Tutto l’Ottocento fu animato dalla scontro culturale fra occidentalisti e slavofili. L’Europa guardò sempre la Russia con diffidenza e disprezzo, talvolta con odio per la rozzezza e la trivialità dei Russi. La Russia invece nutriva verso l’Europa fino alla metà dell’Ottocento un senso di inferiorità dovuto alla sua povertà artistica, letteraria e tecnica. Ma proprio in quel secolo cominciò a manifestarsi l’apparire di grandissimi scrittori, come Puskin, Turgenev, Gogol’, Gonciarov, Dostoevkij, Tolstoi, Cechov, e tanti altri di straordinario spessore, che hanno creato una letteratura che è una delle più grandi se non la più grande di tutti i tempi. Essi contribuirono in modo significativo a estinguere il sentimento di inferiorità verso gli europei. Ora è inutile in questa sede fare un elenco di coloro che ammiravano l’Europa o di coloro che la disprezzavano come sentina di ogni corruzione (3). Sicuramente l’anima più profonda che seppe rappresentare il vero spirito russo fu Dostoevskij, il quale formulò gli elementi ideali che ne rappresentavano la sintesi. Questi elementi indicavano il superamento della cultura europea ormai indirizzata verso l’individualismo e la secolarizzazione. Egli propugnava un ritorno universale alle radici cristiane ortodosse, e pensava che l’espansione russa in Asia facesse sì che la Russia divenisse l’intermediaria fra Europa ed Asia stessa. Dostoevskij aveva inoltre il presentimento che la cultura europea approdasse col suo scientismo universalistico al nichilismo assoluto. Egli vedeva, in questo, il tramonto del bello, del vero, del buono, come anticipò, da puro veggente, nel suo romanzo “I demoni”. Nietzsche ne sarà poi il “seguace”, diventando il più grande interprete del nichilismo stesso.
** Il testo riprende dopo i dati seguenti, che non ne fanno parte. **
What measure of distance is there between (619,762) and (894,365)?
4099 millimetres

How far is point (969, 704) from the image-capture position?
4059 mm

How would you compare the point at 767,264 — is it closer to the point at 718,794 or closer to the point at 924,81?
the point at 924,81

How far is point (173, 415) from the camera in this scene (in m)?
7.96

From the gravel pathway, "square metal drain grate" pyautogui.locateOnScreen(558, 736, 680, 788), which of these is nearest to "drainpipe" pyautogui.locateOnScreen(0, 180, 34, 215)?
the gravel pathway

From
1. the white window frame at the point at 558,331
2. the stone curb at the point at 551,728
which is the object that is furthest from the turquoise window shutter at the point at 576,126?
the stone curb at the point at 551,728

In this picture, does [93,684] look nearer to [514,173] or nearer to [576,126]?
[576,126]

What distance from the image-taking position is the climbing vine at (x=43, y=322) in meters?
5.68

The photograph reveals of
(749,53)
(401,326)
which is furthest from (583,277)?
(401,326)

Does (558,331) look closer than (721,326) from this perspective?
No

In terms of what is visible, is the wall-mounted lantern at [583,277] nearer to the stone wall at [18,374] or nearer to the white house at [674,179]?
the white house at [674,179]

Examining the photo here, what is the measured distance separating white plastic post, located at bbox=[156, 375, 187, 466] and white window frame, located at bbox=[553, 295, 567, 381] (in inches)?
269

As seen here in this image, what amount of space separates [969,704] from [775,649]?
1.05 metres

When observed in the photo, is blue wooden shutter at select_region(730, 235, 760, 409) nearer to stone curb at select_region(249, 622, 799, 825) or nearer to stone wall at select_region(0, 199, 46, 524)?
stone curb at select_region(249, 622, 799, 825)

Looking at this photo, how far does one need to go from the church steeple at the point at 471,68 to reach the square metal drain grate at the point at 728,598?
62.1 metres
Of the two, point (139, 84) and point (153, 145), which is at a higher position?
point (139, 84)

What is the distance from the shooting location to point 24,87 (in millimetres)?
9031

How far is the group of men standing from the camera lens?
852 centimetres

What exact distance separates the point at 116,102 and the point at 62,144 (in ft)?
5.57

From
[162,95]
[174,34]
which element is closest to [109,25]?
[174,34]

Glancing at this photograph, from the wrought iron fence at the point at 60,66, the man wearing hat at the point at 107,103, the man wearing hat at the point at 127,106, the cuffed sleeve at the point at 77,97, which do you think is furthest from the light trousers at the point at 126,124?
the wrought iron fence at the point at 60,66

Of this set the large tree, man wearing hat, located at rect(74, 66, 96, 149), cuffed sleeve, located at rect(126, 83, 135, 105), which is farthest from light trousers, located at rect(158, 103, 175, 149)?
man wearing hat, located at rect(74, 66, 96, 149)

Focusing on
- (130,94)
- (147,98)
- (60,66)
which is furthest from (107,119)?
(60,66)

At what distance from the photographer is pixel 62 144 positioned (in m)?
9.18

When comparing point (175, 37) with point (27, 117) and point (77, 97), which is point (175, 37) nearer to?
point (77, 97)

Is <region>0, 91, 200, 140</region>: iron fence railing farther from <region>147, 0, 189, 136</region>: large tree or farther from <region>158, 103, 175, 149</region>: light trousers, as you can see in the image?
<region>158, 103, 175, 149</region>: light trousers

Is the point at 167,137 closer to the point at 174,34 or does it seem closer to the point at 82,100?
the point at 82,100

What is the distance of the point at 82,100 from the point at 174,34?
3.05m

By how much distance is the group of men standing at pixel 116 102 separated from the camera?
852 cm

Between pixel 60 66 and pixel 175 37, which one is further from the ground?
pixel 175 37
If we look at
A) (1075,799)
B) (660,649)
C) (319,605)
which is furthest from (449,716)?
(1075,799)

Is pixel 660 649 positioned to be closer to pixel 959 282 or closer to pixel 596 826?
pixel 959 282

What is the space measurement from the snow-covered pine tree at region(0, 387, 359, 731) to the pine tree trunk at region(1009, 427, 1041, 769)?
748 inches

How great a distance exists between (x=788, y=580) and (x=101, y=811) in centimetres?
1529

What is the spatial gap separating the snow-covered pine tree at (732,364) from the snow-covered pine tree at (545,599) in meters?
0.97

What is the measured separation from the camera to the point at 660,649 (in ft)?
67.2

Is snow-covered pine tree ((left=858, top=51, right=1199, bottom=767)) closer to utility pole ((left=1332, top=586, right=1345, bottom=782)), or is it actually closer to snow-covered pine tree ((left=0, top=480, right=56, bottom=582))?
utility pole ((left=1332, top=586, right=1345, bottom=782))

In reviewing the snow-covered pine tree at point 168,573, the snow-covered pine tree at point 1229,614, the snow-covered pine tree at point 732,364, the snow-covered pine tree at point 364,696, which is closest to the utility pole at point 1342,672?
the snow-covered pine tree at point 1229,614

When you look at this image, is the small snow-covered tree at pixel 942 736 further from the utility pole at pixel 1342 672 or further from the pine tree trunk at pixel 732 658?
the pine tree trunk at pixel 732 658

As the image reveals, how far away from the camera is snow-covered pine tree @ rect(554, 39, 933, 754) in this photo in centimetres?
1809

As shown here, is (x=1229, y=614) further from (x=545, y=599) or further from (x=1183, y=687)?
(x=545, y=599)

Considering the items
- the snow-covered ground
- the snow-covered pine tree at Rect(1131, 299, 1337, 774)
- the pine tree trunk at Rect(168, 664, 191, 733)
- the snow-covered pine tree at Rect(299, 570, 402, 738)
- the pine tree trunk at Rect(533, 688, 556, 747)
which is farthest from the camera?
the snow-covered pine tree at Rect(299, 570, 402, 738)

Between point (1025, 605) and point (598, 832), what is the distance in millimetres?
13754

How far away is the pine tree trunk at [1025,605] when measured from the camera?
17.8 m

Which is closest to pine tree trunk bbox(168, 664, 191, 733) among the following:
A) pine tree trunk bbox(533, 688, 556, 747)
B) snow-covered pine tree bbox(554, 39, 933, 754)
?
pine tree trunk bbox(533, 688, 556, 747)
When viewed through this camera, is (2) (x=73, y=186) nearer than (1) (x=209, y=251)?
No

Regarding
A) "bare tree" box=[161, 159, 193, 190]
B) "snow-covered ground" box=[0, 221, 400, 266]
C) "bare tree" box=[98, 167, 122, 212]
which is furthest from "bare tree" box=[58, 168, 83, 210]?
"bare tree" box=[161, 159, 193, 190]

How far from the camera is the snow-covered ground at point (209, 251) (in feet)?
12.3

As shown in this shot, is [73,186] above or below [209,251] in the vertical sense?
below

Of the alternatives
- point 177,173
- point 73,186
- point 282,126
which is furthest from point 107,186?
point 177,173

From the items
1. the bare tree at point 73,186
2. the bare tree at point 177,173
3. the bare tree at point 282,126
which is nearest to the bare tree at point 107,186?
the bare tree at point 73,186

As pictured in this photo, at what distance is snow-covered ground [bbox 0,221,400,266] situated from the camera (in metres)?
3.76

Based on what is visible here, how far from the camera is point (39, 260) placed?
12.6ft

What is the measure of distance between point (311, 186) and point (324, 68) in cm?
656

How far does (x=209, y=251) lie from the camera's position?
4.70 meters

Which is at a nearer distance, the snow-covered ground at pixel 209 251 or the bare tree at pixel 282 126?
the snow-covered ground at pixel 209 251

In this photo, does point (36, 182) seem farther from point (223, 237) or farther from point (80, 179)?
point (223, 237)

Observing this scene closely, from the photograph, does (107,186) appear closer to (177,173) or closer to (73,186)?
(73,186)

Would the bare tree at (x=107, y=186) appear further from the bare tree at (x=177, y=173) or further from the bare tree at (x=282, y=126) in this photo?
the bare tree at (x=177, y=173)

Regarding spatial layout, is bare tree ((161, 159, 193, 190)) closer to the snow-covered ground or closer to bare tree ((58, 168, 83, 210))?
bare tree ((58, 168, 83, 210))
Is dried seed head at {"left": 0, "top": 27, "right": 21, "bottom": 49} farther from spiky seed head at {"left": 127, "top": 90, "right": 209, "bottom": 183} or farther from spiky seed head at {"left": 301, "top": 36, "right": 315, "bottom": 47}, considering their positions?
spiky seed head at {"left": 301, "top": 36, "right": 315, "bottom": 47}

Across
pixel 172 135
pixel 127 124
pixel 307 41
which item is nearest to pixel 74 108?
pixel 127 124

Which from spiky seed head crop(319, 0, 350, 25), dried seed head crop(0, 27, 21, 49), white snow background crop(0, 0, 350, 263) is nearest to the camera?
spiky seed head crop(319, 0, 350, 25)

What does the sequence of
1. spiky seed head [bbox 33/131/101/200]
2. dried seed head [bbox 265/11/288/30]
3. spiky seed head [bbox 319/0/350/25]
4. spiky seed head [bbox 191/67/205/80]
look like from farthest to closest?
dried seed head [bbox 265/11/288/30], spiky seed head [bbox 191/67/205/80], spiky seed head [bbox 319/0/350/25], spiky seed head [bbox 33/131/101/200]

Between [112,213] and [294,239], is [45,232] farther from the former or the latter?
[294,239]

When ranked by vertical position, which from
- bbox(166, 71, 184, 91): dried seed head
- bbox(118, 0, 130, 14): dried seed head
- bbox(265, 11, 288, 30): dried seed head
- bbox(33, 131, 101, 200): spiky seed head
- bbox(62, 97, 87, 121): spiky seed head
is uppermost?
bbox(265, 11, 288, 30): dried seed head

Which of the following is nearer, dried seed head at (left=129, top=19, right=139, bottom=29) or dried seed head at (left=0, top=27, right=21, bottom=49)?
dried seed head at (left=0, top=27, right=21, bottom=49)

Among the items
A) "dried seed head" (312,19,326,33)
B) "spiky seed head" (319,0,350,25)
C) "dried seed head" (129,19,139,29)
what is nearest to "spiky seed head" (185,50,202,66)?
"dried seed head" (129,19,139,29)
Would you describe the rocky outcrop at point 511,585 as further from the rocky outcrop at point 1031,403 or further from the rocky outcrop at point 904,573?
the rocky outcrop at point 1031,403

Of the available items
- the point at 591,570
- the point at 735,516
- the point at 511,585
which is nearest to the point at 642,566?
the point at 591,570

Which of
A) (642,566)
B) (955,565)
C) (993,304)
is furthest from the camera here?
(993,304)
La guerra di Crimea (1853-56) fu l’evento storico che segnò uno spartiacque profondo fra vecchia e nuova Russia. La sconfitta fu avvertita come una vera e propria disfatta che spinse il nuovo zar Alessandro II a promulgare una serie di radicali riforme liberali della società (l’abolizione della servitù della gleba nel 1861), dello stato (riforme delle province e della scuola) e dell’esercito (riduzione drastica temporale del servizio militare). Certamente questo zar fu il più grande riformista della storia russa, sebbene non avesse emanato la riforma decisiva: quella politica. Infatti non istituì un parlamento che avesse poteri legislativi. Questa grave mancanza sarà foriera di gravi tensioni sociali, poiché la classe degli intellettuali, la cosiddetta “intelligencija”, si sentì emarginata. Questo fu un errore epocale, come scrisse lo storico R. Pipes nel suo libro “Il regime bolscevico”, poichè questa classe si sentiva l’unica di rappresentare i “veri” interessi del popolo russo. Essa indicò il governo zarista come il nemico, nonostante fra i loro rappresentanti ci fossero divergenze ideologiche notevoli, come fra slavofili e occidentalisti, fra conservatori e rivoluzionari, anarchici e socialisti e così via. Eppure essi trovarono la coscienza della loro unione nell’odiare il potere zarista. Espressione massima di questo odio fu attuata con l’attentato, riuscito, contro lo zar Alessandro II nel marzo del 1881 da parte di terroristi detti “Narodniki”. La figura dello zar come padre di tutte le Russie fu sminuita ancor più con la sconfitta sulle acque di Tushima nel 1904 per opera dell’ammiraglio giapponese Tojo, e con la rivolta nel 1905 guidata dal pope Gapon.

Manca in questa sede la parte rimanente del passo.